Anyway, I 100% suppost the Rapa Nui people preserving their heritage... and their continuing efforts to free themselves from Chile... but just to clarify: their current heritage is not the heritage of Hotu Matua and the Moai builders. That heritage was completely wiped out by the joint 'efforts' of Europeans and the islanders themselves in the 18th/19th century, mostly between 1770 and 1864.

I guess I should be telling the author of the article all of this!

Excellent points, Tikibars.

What do you think of the Taxidriver issue? I think that supports your idea of tourism bringing unnecessary people overruning the island and not necessarily improving the lot of the indigenous Rapa Nui.

Filslash: Thanks for clarifying - the Santiago Stone. And yes, the Rosetta Stone is not an accurate description as there is no other languages to be used for translation.

On 2004-01-29 11:18, christiki295 wrote:
The Santiago Stone.

STAFF.

[ Edited by: filslash 2008-09-10 13:48 ]

T

On 2004-01-29 11:18, christiki295 wrote:
What do you think of the Taxidriver issue? I think that supports your idea of tourism bringing unnecessary people overruning the island and not necessarily improving the lot of the indigenous Rapa Nui.

I don't know a lot about the Taxi thing. What's the story?

"Taxi drivers from Santiago cruise up and down the . . . avenue looking for fares.

Word has gotten out in Chile that you can make dollars easy on Easter Island," explains Hucke, a member of the self-appointed "Rapa Nui parliament," which is pushing to have the island's status placed on the agenda of a United Nations committee on colonization.

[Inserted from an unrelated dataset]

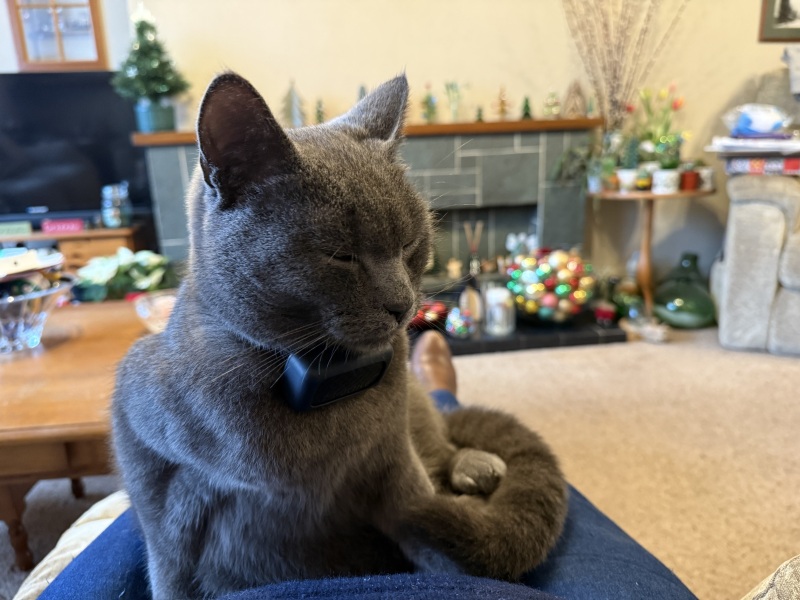 Tinsel, Glitter and Baubles - the Excellent Cats prepare to knock Everything off your Christmas Tree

Of the 3,000 or so residents here, about a third are transplants from the Chilean mainland. Last year, Easter Island had its first armed robbery — committed by a youth from the mainland.

Easter Island apparently is undergoing the issues associated with balancing increased tourism and the wealth it can bring with the loss of homogenousness of the culture (acknowledging it already has changed dramatically, no longer connects from the Moai building cultures and has borrowed from Tahiti).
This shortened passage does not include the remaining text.